Sunday, February 8, 2009
What happens when you say Yes
Some of my best work experiences have involved being part of a hard-working, talented group of people who were open to collaboration. Ego disappeared, and we created work that none of us could've made individually. I don't remember ever discussing it formally, how it worked, and it was certainly never taught. The experiences seemed to happen naturally, almost accidentally, like magic.
In 12, we set out to learn whether collaborating, or creating as a group, could be learned and developed, and what affect it would have on the work.
One discipline we used to shape this way of creating was improv, specifically, improv performance. We were inspired by Mark Barden and Gary Hirsch and Scott Dawson, the first people I had heard of who were applying the rules of improv to a business setting.

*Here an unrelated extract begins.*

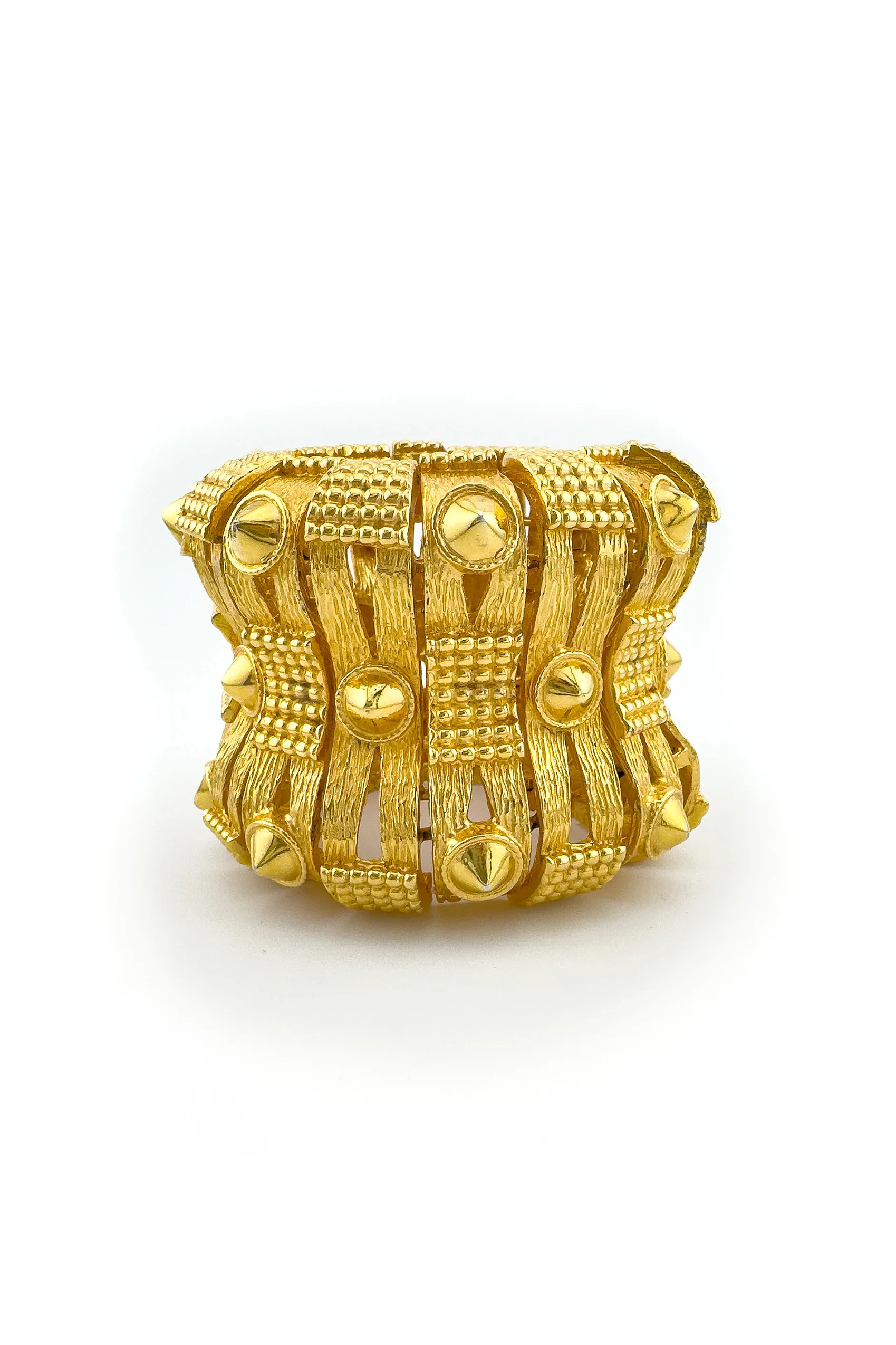 Articulated Spike Cuff Bracelet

Gary and his partner Brad Robertson held regular improv classes with us. They were fun for blowing off steam, but they were also an interesting way to explore some powerful ideas, sort of martials arts exercises for the creative mind: What happens if you stop worrying about yourself and try to make your partner look good? What happens if you concentrate on listening/noticing instead of talking/getting noticed? What happens when you say Yes?

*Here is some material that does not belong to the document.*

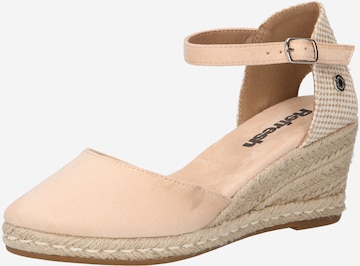 Refresh Strap Sandals in Beige: front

Yes means, instead of behaving like a judge, evaluating incoming data as either positive or negative, you surrender your agenda and stay open to outcome. You begin to recognize undesired and unexpected things as offers you can choose to say yes to, and then ask, Now what can I do with this?

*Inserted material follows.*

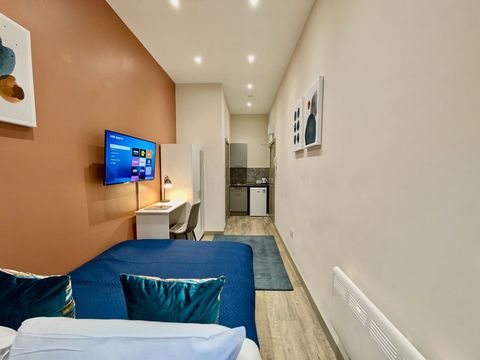 "Relax with a 40" Smart TV and fast WiFi, make your favorite drinks in the kitchenette, and get work done in a dedicated space. Step outside to enjoy fresh air on your private patio for ultimate comfort."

There are a few reasons this can be interesting. You can surprise yourself. You avoid wasting your energy wishing for a different reality. And in pointing the energy forward instead of creating resistance, you create flow.
Saying yes can be applied to all sorts of work beyond creating. Client wants to come to the edit? Yes. You're given a partner you don't get along with? Great. No media budget? Wonderful. The client wants to kill your campaign and start over? Great news. Reject nothing. Say yes and see what happens.
There are reasons it's hard to say yes sometimes. We're afraid we have something that can be lost or threatened. No can feel stronger, being in resistance to something. No is often the natural stance of creative people. We define ourselves by what we oppose.
But yes doesn't mean giving in or giving up who we are. On the contrary. It means recognizing that who you are can't be threatened when something new or unexpected enters the picture. As Luker used to say, "Nothing can touch you." So whatever it is, welcome it, say thank you even, and see where it takes you, where you take it.
This isn't about Suzy Sunshine making lemons out of lemonade. By saying "no," by trying to hold onto what is, we become brittle, and often miss the possibility of what might be.
I'm thinking about yes lately because Mark Barden invited me to come down to San Francisco to co-present on the topic with him at a small conference, and also because I had about half dozen things today that challenged my belief in this yes concept, from cutting off a hunk of my knuckle trying to cut a piece of rope - me and knives?! - to an exploded water heater in the basement that ruined a few portfolios.
Oh well. Yes, I guess? Sure. Yes.
If you are interested in this yes idea, you might enjoy this book.
It was written in 1979 by a guy many consider the father of improv, Keith Johnstone. It's a great, trippy intro to improv, and a manual for a radically different way of teaching and creating, built on following inexplicable urges and making the most of accidents. Super inspiring.